**What you have to do:** Every line below should be copied exactly; drop the pictures.

== Data extract ==

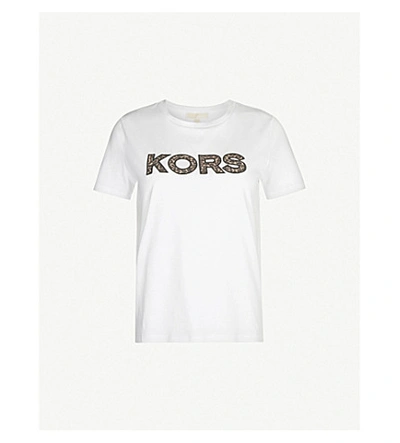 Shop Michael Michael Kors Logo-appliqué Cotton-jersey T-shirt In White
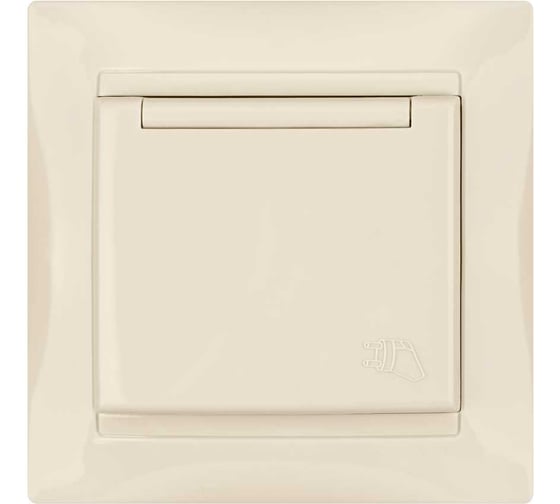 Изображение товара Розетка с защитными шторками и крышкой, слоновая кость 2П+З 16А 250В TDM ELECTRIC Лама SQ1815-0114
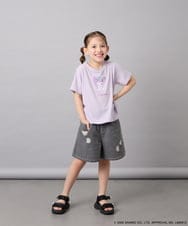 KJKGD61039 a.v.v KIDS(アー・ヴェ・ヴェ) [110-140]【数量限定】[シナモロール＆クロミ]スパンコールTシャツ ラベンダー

===

**Completed exercise:**
 Shop Michael Michael Kors Logo-appliqué Cotton-jersey T-shirt In White
 Изображение товара Розетка с защитными шторками и крышкой, слоновая кость 2П+З 16А 250В TDM ELECTRIC Лама SQ1815-0114
 KJKGD61039 a.v.v KIDS(アー・ヴェ・ヴェ) [110-140]【数量限定】[シナモロール＆クロミ]スパンコールTシャツ ラベンダー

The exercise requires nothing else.